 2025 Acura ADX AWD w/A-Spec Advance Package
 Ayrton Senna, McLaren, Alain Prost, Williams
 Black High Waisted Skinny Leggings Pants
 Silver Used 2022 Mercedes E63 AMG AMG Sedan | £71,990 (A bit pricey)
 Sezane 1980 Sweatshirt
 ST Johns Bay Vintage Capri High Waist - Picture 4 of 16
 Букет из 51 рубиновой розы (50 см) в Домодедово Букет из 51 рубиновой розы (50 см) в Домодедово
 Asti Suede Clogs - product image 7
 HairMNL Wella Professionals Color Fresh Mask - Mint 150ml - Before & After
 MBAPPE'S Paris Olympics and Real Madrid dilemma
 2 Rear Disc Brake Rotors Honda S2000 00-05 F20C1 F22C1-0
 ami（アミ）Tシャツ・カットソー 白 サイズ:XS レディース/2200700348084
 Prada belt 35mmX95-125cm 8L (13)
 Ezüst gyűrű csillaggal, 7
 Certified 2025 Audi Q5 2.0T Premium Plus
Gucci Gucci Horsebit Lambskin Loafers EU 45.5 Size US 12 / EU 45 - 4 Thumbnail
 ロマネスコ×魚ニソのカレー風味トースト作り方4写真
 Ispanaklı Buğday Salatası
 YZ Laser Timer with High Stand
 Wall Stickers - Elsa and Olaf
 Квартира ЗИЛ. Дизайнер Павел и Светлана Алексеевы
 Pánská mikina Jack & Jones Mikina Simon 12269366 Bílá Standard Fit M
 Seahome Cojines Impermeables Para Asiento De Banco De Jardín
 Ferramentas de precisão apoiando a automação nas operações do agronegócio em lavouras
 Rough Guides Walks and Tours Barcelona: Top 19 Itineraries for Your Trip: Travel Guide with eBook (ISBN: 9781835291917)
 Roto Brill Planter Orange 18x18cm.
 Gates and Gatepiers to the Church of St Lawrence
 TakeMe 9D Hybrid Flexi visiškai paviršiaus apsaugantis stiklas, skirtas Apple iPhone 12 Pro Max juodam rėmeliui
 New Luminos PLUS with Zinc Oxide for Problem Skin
———
Return every line from the records above that holds the word "High".

 Black High Waisted Skinny Leggings Pants
 ST Johns Bay Vintage Capri High Waist - Picture 4 of 16
 YZ Laser Timer with High Stand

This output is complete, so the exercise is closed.